Christina gained a certain amount of independence by being left some land and a shop by her father, where she traded in the market and was fined for illegally brewing beer. She married a younger man and managed to survive the famine caused by climate change which hit Britain in her thirties. It was a grim time, the start of the Little Ice Age that spread across Europe and left peasants scrabbling to live off weeds when their crops failed. Wood tried a pottage made with some dodgy-looking roots and, while he tried to pretend with his usual animated enthusiasm that it wasn't too bad, it wasn't a very convincing performance.
The documentary evidence, of course, couldn't really tell us what Christina's personality was like, but, as Wood put it in context with careful background, the picture began to emerge of a canny person, a survivor.

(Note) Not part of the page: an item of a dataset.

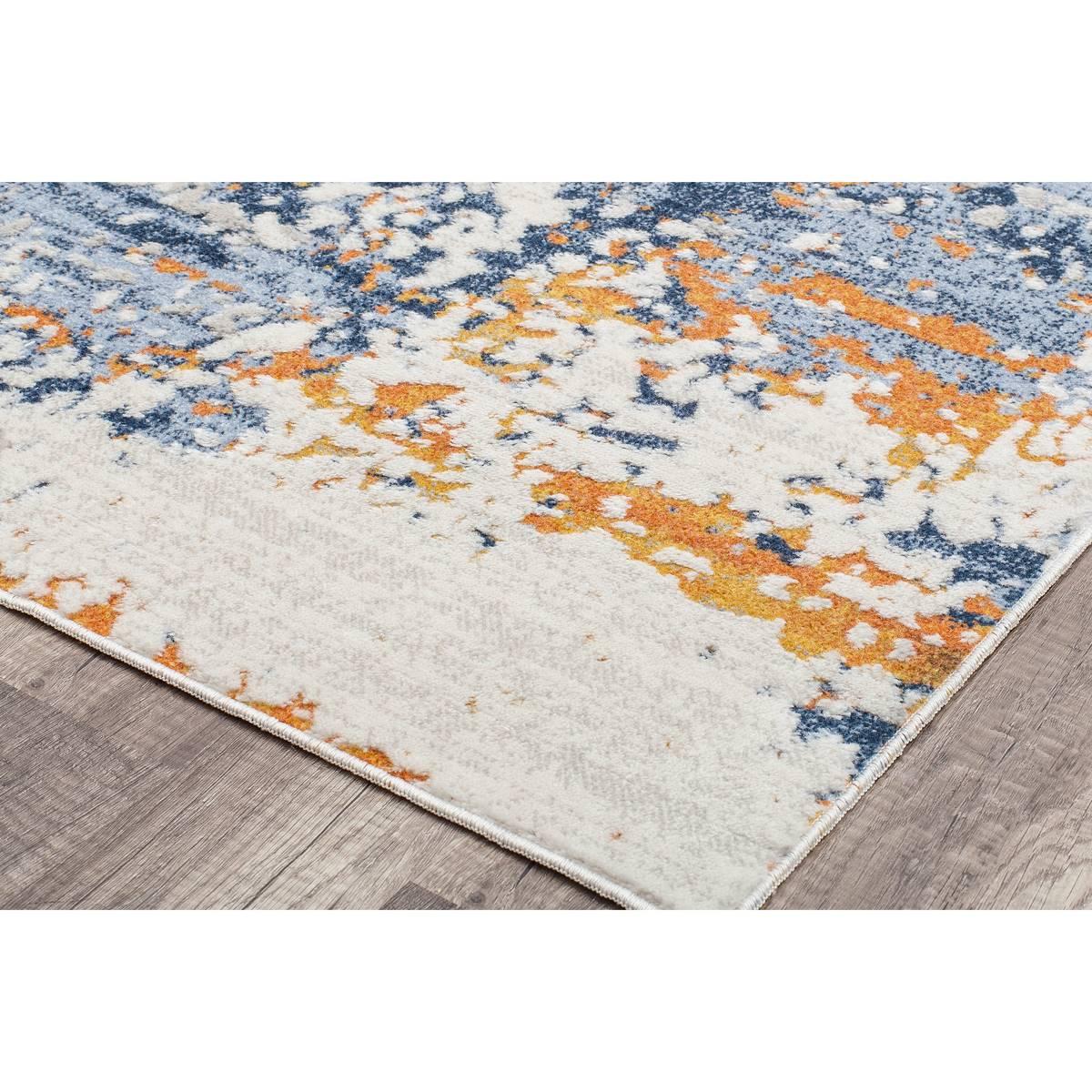Rugs America™ Prescott Sapphire Gold Splatter Transitional Rug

This was what was most valuable about the programme, because generally history is written by and about the rich and the nobles, leaving the impression that peasants just suffered hopelessly. Christina's story – which ended with her demise shortly before the Black Death took many of her neighbours, with her remaining land left to her own daughter – showed that they could be as enterprising as us, struggling to make something of their lives within the constraints of their time.
And the graffiti left in a nearby church showed the contrasts: "Only the dregs of the people are left to bear witness," said one part, carved painfully by a survivor of the plague. But on the opposite wall, very recognisable sentiments were written: "The archdeacon is an ass" and "That Barbara is a real vixen".
The medieval lads who wrote that were probably the ancestors of those found in Placebo, a pilot for a new medical sitcom which was like a throwback to Only When I Laugh – but without the laughs. Set amid a ward of six young men who have volunteered for a month-long medical trial, it wasted a potentially interesting premise with some feeble writing and rather lacklustre performances. When in doubt, the writers clearly believed, throw in a mention of penises or poo and hilarity automatically ensues.
This show was only notable for an icily sinister turn by Maxine Peake as the doctor, reminiscent of a younger Miranda Richardson. She managed to make something out of the dross, but otherwise the prescription for this one is "do not resuscitate".